2020年8月実施「物理を学ぶ、物理を作る〜高校物理から宇宙研究の最先端へ〜」

〈参加者〉

CoREFと連携する公立高校3校+ジュニアドクター育成塾(国立研究開発法人科学技術振興機構主催)受講生の中学生 計108名


〈場所〉

各学校等の会場(オンラインで接続)


〈プログラム〉

1日目:「知識構成型ジグソー法」を使ったワークショップで、宇宙の矛盾を説明する仮説を自分たちでつくってみるプロセスを体験 ※院生とのフォローアップ質疑(遠隔)で理解を補足


2日目:東京大学国際高等研究所カブリ数物連携宇宙研究機構初代機構長 村山斉先生によるオンライン講義(ダークマター仮説や、宇宙の最新研究などについて)、各会場をつないで質疑応答

「知識構成型ジグソー法」による学習に取り組む中で、多くの子どもたちは自力で自身が納得のいく論理的な仮説を作ることができていた。中には「見えないけれど、強い力を持つ何かが銀河系の中にある」という仮説にたどり着いたグループもあった。この仮説こそ、東京大学国際高等研究所カブリ数物連携宇宙研究機構の村山先生たちが研究している「ダークマター仮説」である。また、2日目の質疑応答では、子どもたちの間から「ダークマター仮説」についてのレベルの高い質問が出された。これには村山先生も、「高校生でも仮説を作ることができて、しかもその仮説を作り変えていけるんだ」と感心していたという。

「知の共創 実践学講座」の三つの軸:②評価

図3

「知の共創 実践学講座」では、同講座を学びの質を支える知見を得るための授業研究の場としても活用し、次の学びのデザインのヒントを得るための学びの見とりを「評価」と位置づけている。図3は、目指す授業研究をPDCAサイクルで表現したものだ。まず、子どもたちにつけてもらいたい力を想定し、それを実現できるような教材や授業をデザインする(Plan)。次に授業を行い(Do)、今日の授業のデザインがどう機能していたのか、また子どもたちはどんな力を伸ばすことができたのかを評価する(Check)。さらに、今日の学びを次の学びに活かすには、どのような点を改善すればいいのかを検討し、次の学びを支える知見につなげていく(Action)。同講座では、学びの質を支えるような授業研究を継続して行うため、このサイクルを回していくことを重視しているという。

期待する学習プロセスを想定する

図4

質の高い授業研究を行うには、授業の中で子どもがどのような学びを得たのかを把握する必要があり、そのためには期待する学習プロセスを事前に細かく想定しておくことが大事だという。図4は、「物理を学ぶ、物理を作る」シリーズの実践学講座を行う際に作った表だ。何ができたら「育てたい能力・資質」が身についたといえるのかという「基準」とともに、その基準が実現されているのかを確認する指標が具体的な発言やアクションのレベルで設定されている。
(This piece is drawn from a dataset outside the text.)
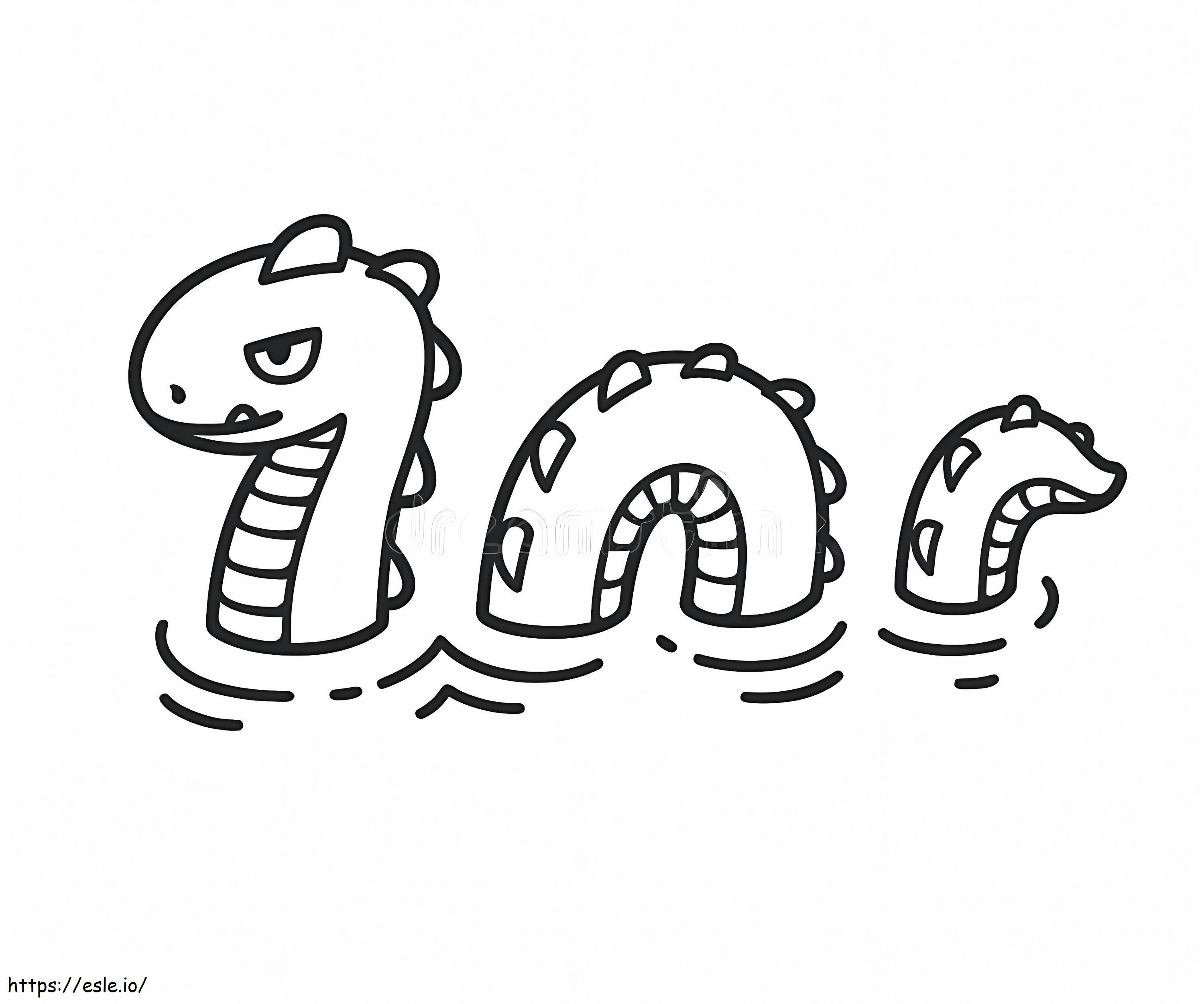 desenho de serpente marinha para colorir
齊藤氏は、「狙いや実現したい学びの具体的なイメージを明確にしたうえで、子どもの学びの事実を見とることができたら、『子どもたちはこのように学ぶはずだ』という前提のほうを見直すことができるでしょう。そのことにより、よりよい高大接続のあり方、日々の教育実践についても、新たなアイディアが見えてくるのではないか」と語った。

ICTで多面的に学習成果を可視化する

子どもたちの学びを評価するには、「子どもたちが何をどう学んだのか」を見とり、子どもたちの頭の中を可視化する必要がある。この過程で役立つのがICTだ。たとえば、子どもたち1人1人にマイクをつけてもらったうえで「対話の見とり」を支援するシステムを活用すると、話していることがそのままテキスト化される。その点については、「評価における次のチャレンジとして、ICTの活用をさらに強化していきたい」と今後の課題として挙げた。

「知の共創 実践学講座」の三つの軸:③連携

東京大学高大接続研究開発センター特任助教の飯窪真也氏

続いて、白水氏と飯窪真也氏(東京大学高大接続研究開発センター特任助教)が「連携」を具体化するポイントについて語った。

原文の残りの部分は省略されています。